TO DO:
Output each line exactly as written, from the first line of the records to the line bearing "Women Lace Strapless", inclusive, while leaving every picture out.

RECORDS PROVIDED:
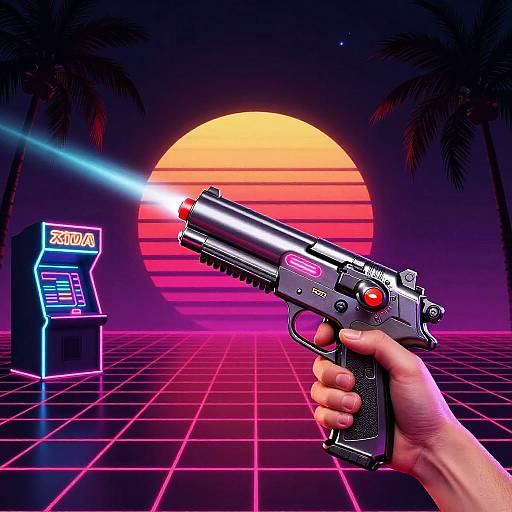 Retro 80s Synthwave Neon Horizon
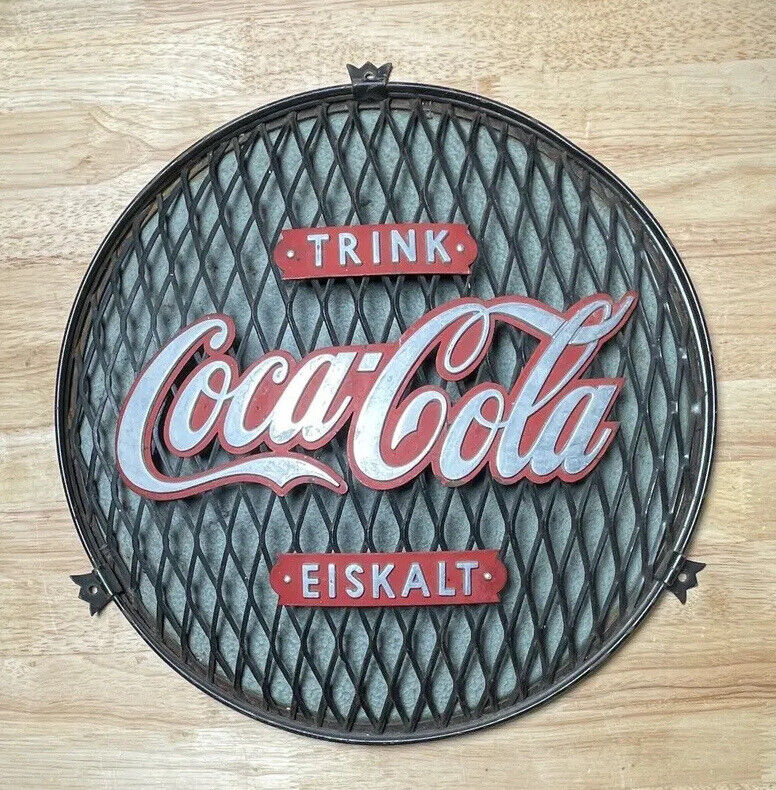 RARE 1940’s German “TRINK Coca-Cola EISKALT” 16” Dia Dome Delivery Truck Sign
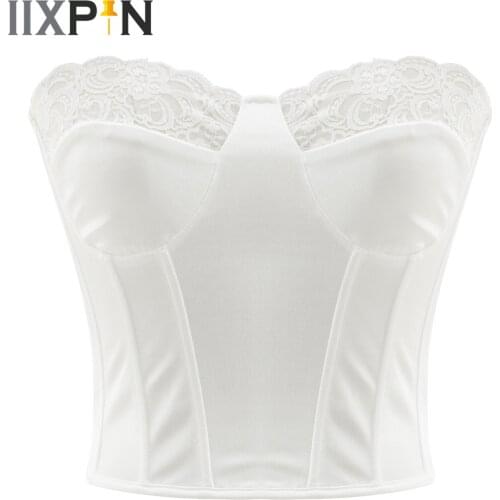 Women Lace Strapless Crop Tube Top Bandeau Bustier for Wedding Dresses Femme Sexy Lingerie Ladies Wire Free Underwear Crop Tank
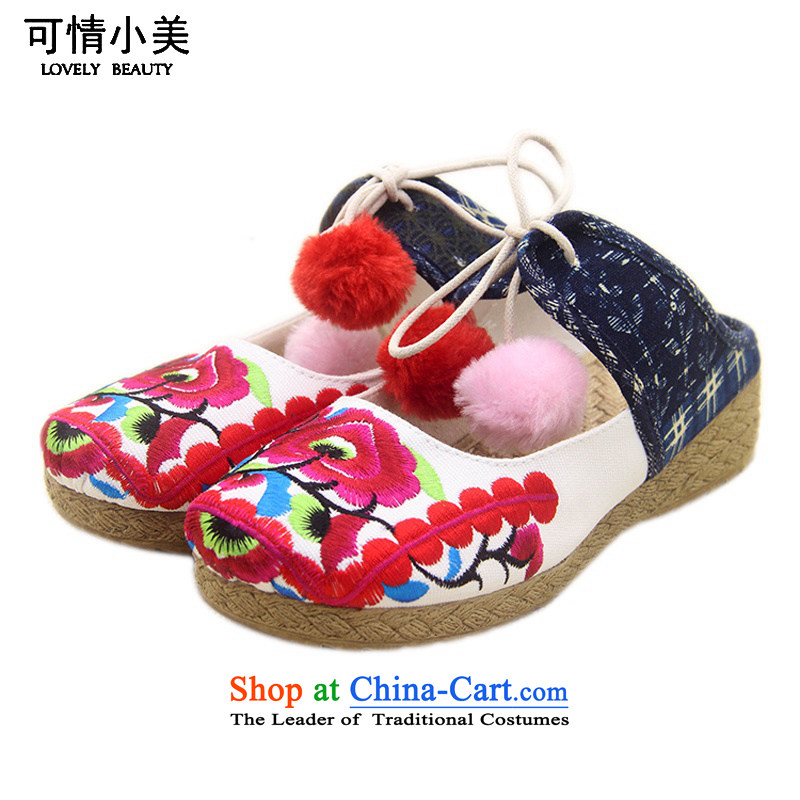 Is small and the ethnic embroidered slippers ZCA666 female header blue 39, is small-mi (LOVELY BEAUTY , , , shopping on the Internet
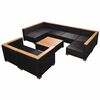 vidaXL Set Divani da Giardino 9 pz con Cuscini in Polyrattan Nero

RESPONSE:
 Retro 80s Synthwave Neon Horizon
 RARE 1940’s German “TRINK Coca-Cola EISKALT” 16” Dia Dome Delivery Truck Sign
 Women Lace Strapless Crop Tube Top Bandeau Bustier for Wedding Dresses Femme Sexy Lingerie Ladies Wire Free Underwear Crop Tank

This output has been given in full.